Task to complete -
Every record is to be printed exactly as written; pictures are to be omitted.

Web page caption snippets:
*** Begin section ***

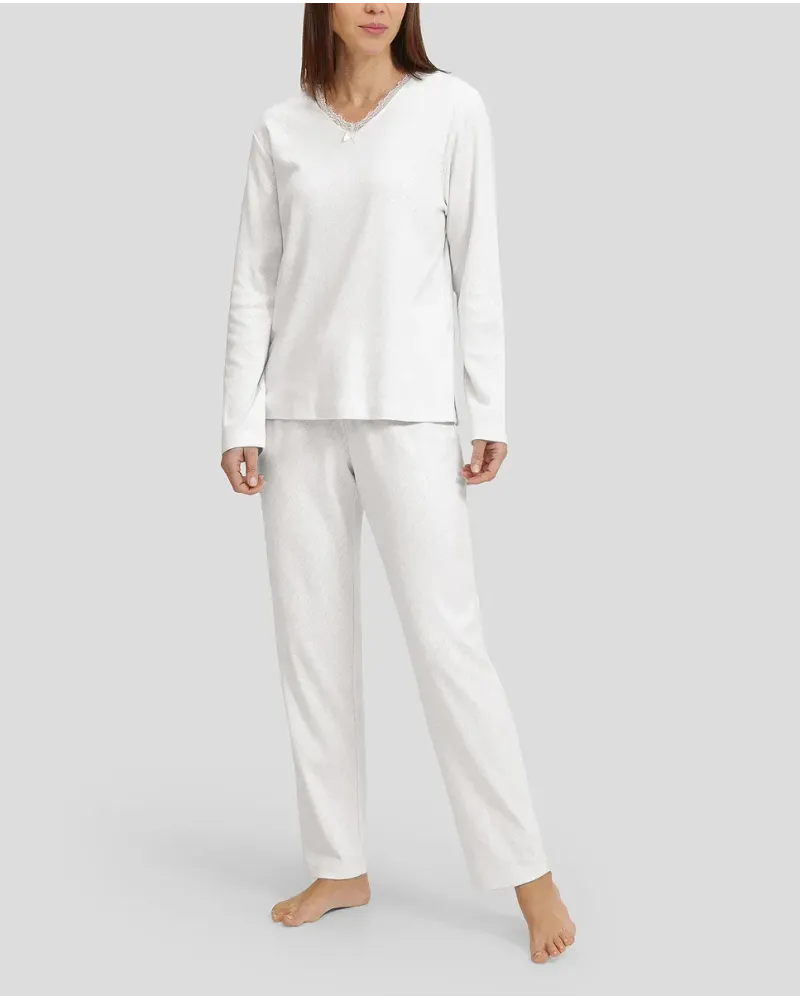 Woman in ivory winter lingerie pyjamas with V-neck and lace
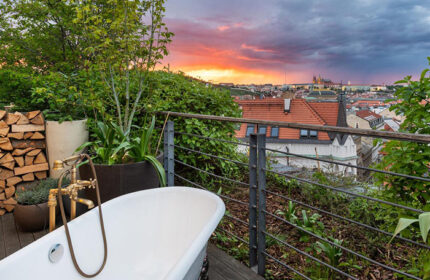 Mosaic House Design Hotel's private balcony with bathtub. Best gay hotels Prague Old Town view at sunset. Gay travel luxury.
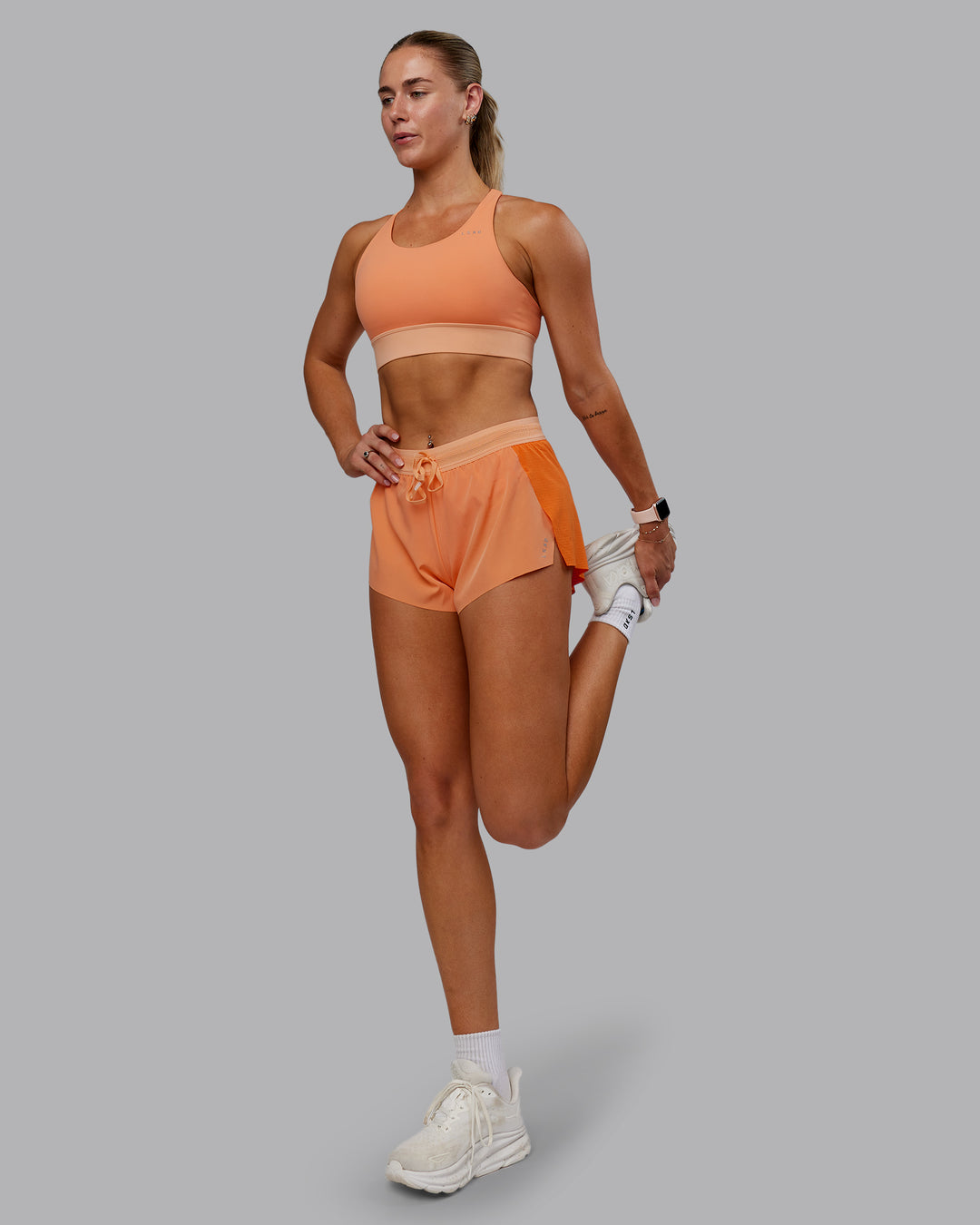 Woman wearing Accelerate Sports Bra - Cantaloupe Colourblock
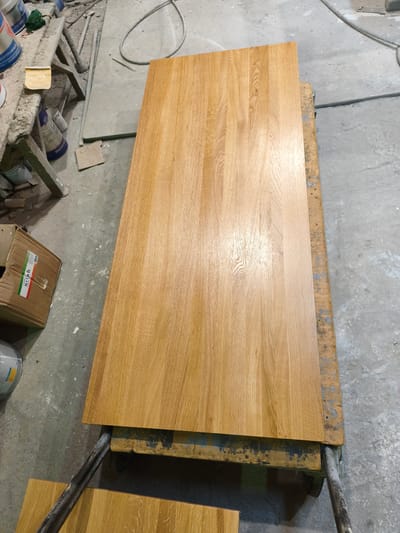 The scene depicts an interior workshop or industrial space in Negorci, North Macedonia. The primary subject is a large, rectangular wooden panel, likely a furniture component, exhibiting a light brown, golden hue with distinct vertical wood grain patterns. This panel rests horizontally on a dark, heavily stained wooden support structure, possibly a pair of sawhorses.

To the left of the central panel, a cluttered work area is visible. A smaller, stained wooden sawhorse supports multiple items, including several paint or solvent cans. One white can with blue lettering displays "SYNTHESIS SOLVENT BASED," and another partially visible label reads "MAXICOAT." A yellow rectangular piece of sandpaper, marked "P120" and "Smirdex," lies on the sawhorse. Below the sawhorse, a partially open cardboard box is positioned on the concrete floor, revealing a label with red, white, and green stripes and the text "UNIVERZAL NIF."

The floor throughout the visible area is concrete, gray, and shows signs of wear, splatters, and scattered debris. In the upper right quadrant of the image, a coiled black electrical cable or hose lies on the concrete surface. No individuals are present in the scene, and no specific actions or interactions are depicted. The environment suggests an active woodworking or finishing operation.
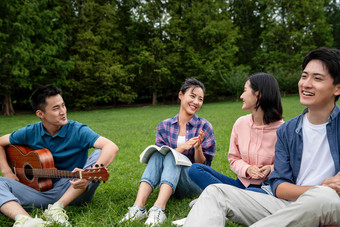 快乐的大学生在草地上弹吉他唱歌东方人清晰摄影图
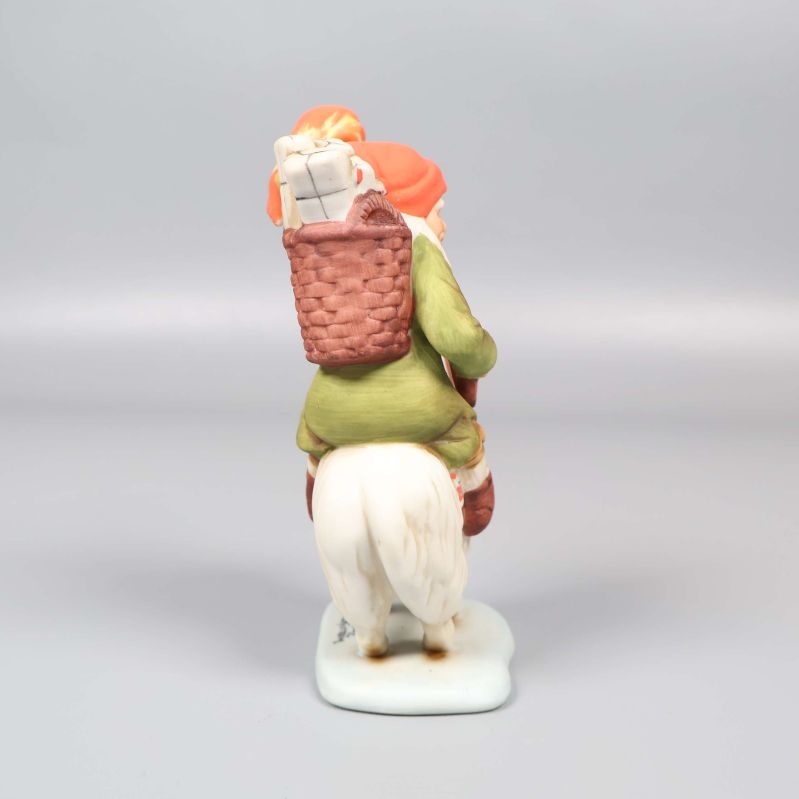 Tomtefigur sedd bakifrån visar korg och luva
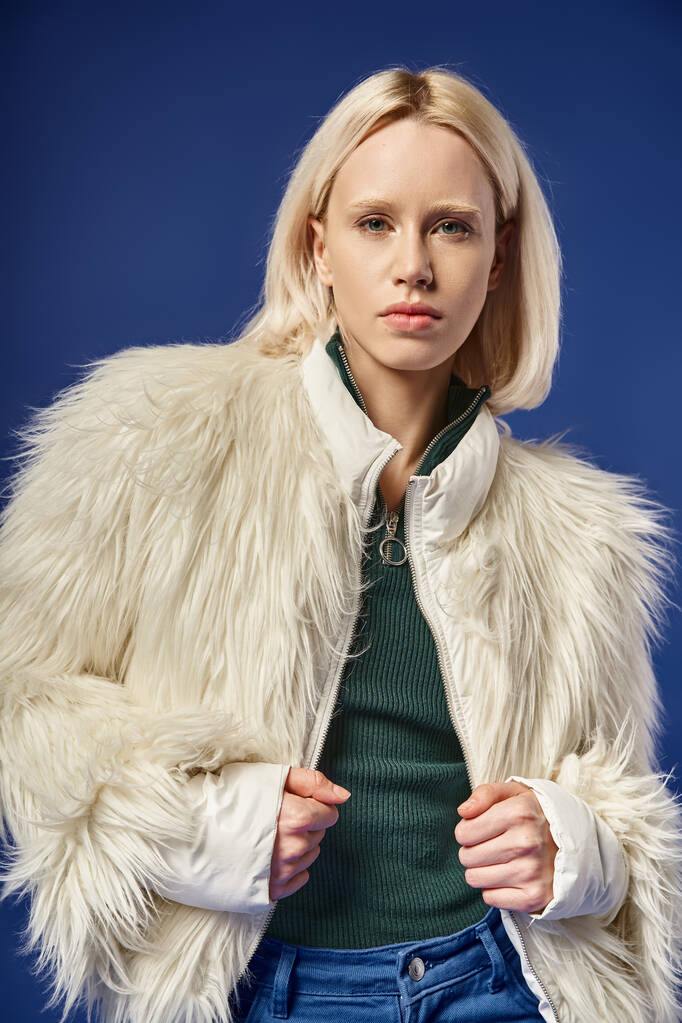 winter fashion, stylish blonde woman in faux fur jacket and denim jeans posing on blue backdrop - Photo, Image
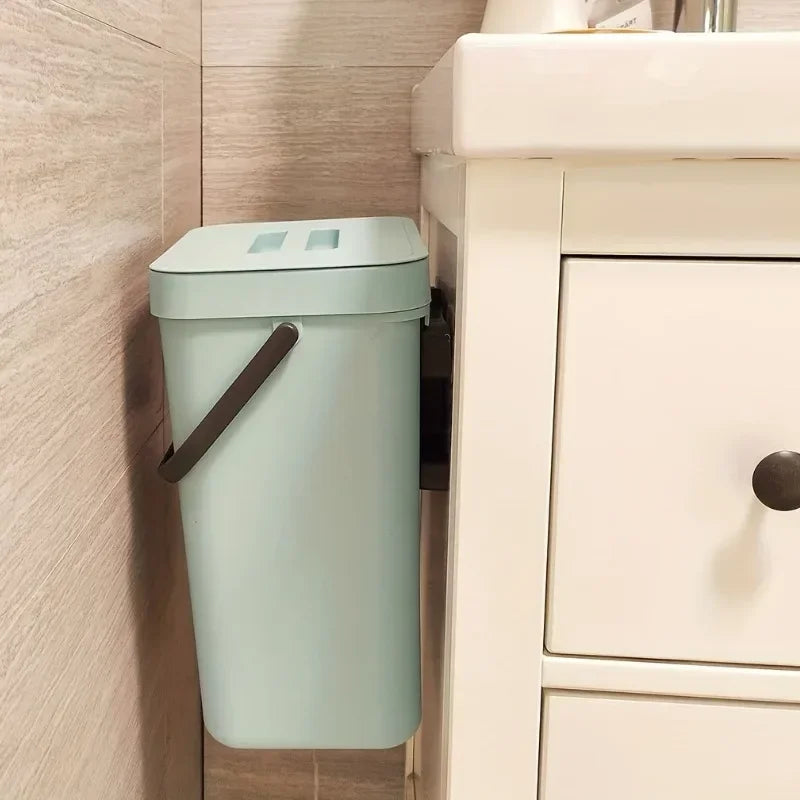 Silver 5L quiet-close sealed trash can for office or home, features odor control lid, compact and eco-friendly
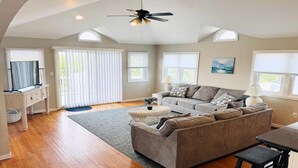 A living room with a sofa, a coffee table, a TV, and a ceiling fan.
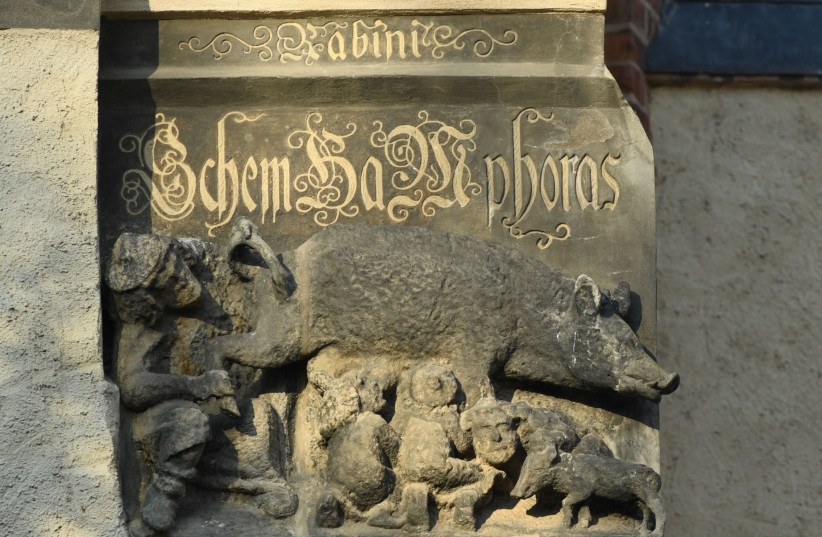 A thirteenth century anti-Semitic sculpture is displayed at St. Marien church in Wittenberg, Germany, January 24, 2020. A court is expected to rule on a motion seeking the removal of the 700-year-old sculpture known as “Judensau” or Jew pig. It is one of around 20 such relics from the Middle Ages th (credit: ANNEGRET HILSE / REUTERS)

*** End section ***

Result of this task -
 Woman in ivory winter lingerie pyjamas with V-neck and lace
 Mosaic House Design Hotel's private balcony with bathtub. Best gay hotels Prague Old Town view at sunset. Gay travel luxury.
 Woman wearing Accelerate Sports Bra - Cantaloupe Colourblock
 The scene depicts an interior workshop or industrial space in Negorci, North Macedonia. The primary subject is a large, rectangular wooden panel, likely a furniture component, exhibiting a light brown, golden hue with distinct vertical wood grain patterns. This panel rests horizontally on a dark, heavily stained wooden support structure, possibly a pair of sawhorses.

To the left of the central panel, a cluttered work area is visible. A smaller, stained wooden sawhorse supports multiple items, including several paint or solvent cans. One white can with blue lettering displays "SYNTHESIS SOLVENT BASED," and another partially visible label reads "MAXICOAT." A yellow rectangular piece of sandpaper, marked "P120" and "Smirdex," lies on the sawhorse. Below the sawhorse, a partially open cardboard box is positioned on the concrete floor, revealing a label with red, white, and green stripes and the text "UNIVERZAL NIF."

The floor throughout the visible area is concrete, gray, and shows signs of wear, splatters, and scattered debris. In the upper right quadrant of the image, a coiled black electrical cable or hose lies on the concrete surface. No individuals are present in the scene, and no specific actions or interactions are depicted. The environment suggests an active woodworking or finishing operation.
 快乐的大学生在草地上弹吉他唱歌东方人清晰摄影图
 Tomtefigur sedd bakifrån visar korg och luva
 winter fashion, stylish blonde woman in faux fur jacket and denim jeans posing on blue backdrop - Photo, Image
 Silver 5L quiet-close sealed trash can for office or home, features odor control lid, compact and eco-friendly
 A living room with a sofa, a coffee table, a TV, and a ceiling fan.
 A thirteenth century anti-Semitic sculpture is displayed at St. Marien church in Wittenberg, Germany, January 24, 2020. A court is expected to rule on a motion seeking the removal of the 700-year-old sculpture known as “Judensau” or Jew pig. It is one of around 20 such relics from the Middle Ages th (credit: ANNEGRET HILSE / REUTERS)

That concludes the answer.